__EXERCISE INSTRUCTIONS__: Whatever the records below say, write them all out exactly.

[Records from a dataset]
__________________________________________________

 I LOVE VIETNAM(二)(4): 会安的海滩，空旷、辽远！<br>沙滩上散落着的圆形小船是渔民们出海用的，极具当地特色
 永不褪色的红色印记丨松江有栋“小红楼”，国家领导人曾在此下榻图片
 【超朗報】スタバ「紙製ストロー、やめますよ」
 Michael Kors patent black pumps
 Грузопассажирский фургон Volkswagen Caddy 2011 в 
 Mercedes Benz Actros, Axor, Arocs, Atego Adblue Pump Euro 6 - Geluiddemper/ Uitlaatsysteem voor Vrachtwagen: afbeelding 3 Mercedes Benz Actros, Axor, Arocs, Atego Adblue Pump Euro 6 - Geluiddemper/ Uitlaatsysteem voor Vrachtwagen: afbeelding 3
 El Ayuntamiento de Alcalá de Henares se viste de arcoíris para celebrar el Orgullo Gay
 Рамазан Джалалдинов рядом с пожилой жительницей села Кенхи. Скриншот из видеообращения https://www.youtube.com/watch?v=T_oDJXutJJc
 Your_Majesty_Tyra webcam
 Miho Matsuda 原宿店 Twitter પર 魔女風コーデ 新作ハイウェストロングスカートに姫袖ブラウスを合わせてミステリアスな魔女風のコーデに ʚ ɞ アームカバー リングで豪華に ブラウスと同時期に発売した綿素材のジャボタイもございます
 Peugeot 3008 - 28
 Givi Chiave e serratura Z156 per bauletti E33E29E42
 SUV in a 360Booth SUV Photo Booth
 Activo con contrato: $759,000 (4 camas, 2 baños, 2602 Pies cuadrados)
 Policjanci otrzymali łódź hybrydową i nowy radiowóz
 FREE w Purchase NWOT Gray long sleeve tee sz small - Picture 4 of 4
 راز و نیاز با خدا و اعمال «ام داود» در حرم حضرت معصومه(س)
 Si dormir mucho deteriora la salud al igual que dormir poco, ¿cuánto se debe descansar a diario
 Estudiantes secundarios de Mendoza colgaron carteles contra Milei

__________________________________________________

__ANSWER BOX__:
 I LOVE VIETNAM(二)(4): 会安的海滩，空旷、辽远！<br>沙滩上散落着的圆形小船是渔民们出海用的，极具当地特色
 永不褪色的红色印记丨松江有栋“小红楼”，国家领导人曾在此下榻图片
 【超朗報】スタバ「紙製ストロー、やめますよ」
 Michael Kors patent black pumps
 Грузопассажирский фургон Volkswagen Caddy 2011 в 
 Mercedes Benz Actros, Axor, Arocs, Atego Adblue Pump Euro 6 - Geluiddemper/ Uitlaatsysteem voor Vrachtwagen: afbeelding 3 Mercedes Benz Actros, Axor, Arocs, Atego Adblue Pump Euro 6 - Geluiddemper/ Uitlaatsysteem voor Vrachtwagen: afbeelding 3
 El Ayuntamiento de Alcalá de Henares se viste de arcoíris para celebrar el Orgullo Gay
 Рамазан Джалалдинов рядом с пожилой жительницей села Кенхи. Скриншот из видеообращения https://www.youtube.com/watch?v=T_oDJXutJJc
 Your_Majesty_Tyra webcam
 Miho Matsuda 原宿店 Twitter પર 魔女風コーデ 新作ハイウェストロングスカートに姫袖ブラウスを合わせてミステリアスな魔女風のコーデに ʚ ɞ アームカバー リングで豪華に ブラウスと同時期に発売した綿素材のジャボタイもございます
 Peugeot 3008 - 28
 Givi Chiave e serratura Z156 per bauletti E33E29E42
 SUV in a 360Booth SUV Photo Booth
 Activo con contrato: $759,000 (4 camas, 2 baños, 2602 Pies cuadrados)
 Policjanci otrzymali łódź hybrydową i nowy radiowóz
 FREE w Purchase NWOT Gray long sleeve tee sz small - Picture 4 of 4
 راز و نیاز با خدا و اعمال «ام داود» در حرم حضرت معصومه(س)
 Si dormir mucho deteriora la salud al igual que dormir poco, ¿cuánto se debe descansar a diario
 Estudiantes secundarios de Mendoza colgaron carteles contra Milei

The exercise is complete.